The company that published a global heat map detailing sensitive military installations will simplify its privacy settings and review its app’s features to ensure it cannot be compromised by actors with bad intent, the company announced late Monday.
In an effort to address concerns raised over the weekend, Strava plans to work with both military and government officials on the potentially sensitive data their app harvested from users’ devices.
“We learned over the weekend that Strava members in the military, humanitarian workers and others living abroad may have shared their location in areas without other activity density and, in doing so, inadvertently increased awareness of sensitive locations,” James Quarles, Strava CEO, said in a news release.
The GPS tracking app Strava sources data from users’ smartphones and smartwatches to produce an overlay of popular running paths. Users quickly became aware of the app’s potential to outline secure facilities downrange.

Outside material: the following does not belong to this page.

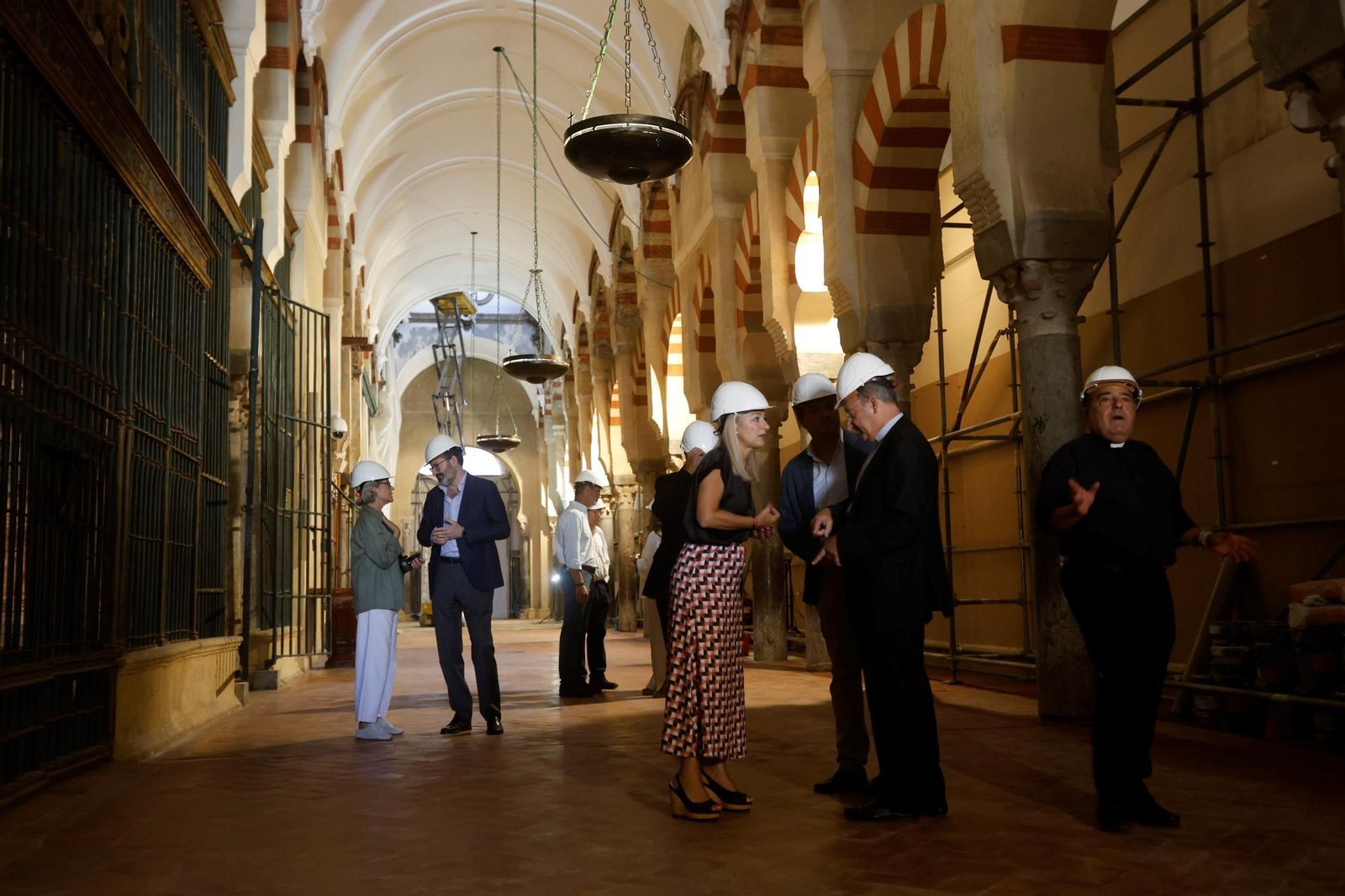 Las imágenes de las obras de emergencia de la Mezquita-Catedral tras el incedio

“Many team members at Strava and in our community, including me, have family members in the armed forces,” Quarles said. “Please know that we are taking this matter seriously and understand our responsibility related to the data you share with us.”
The company also stressed that its existing privacy features should be used in the meantime, adding that engineers are working on “simplifying our privacy and safety features to ensure you know how to control your own data.”
Defense Secretary Jim Mattis has directed a department-wide review of fitness app use policies following the discovery of Strava’s potential, Pentagon spokesman Army Col. Rob Manning said Monday.
“The secretary is aware [of the breach], and we are taking a look at our department-wide policies to determine if [they] need to be updated,” Manning said.
The additional policies could include new guidelines on any kind of wearable device that tracks user locations, to include smart phones.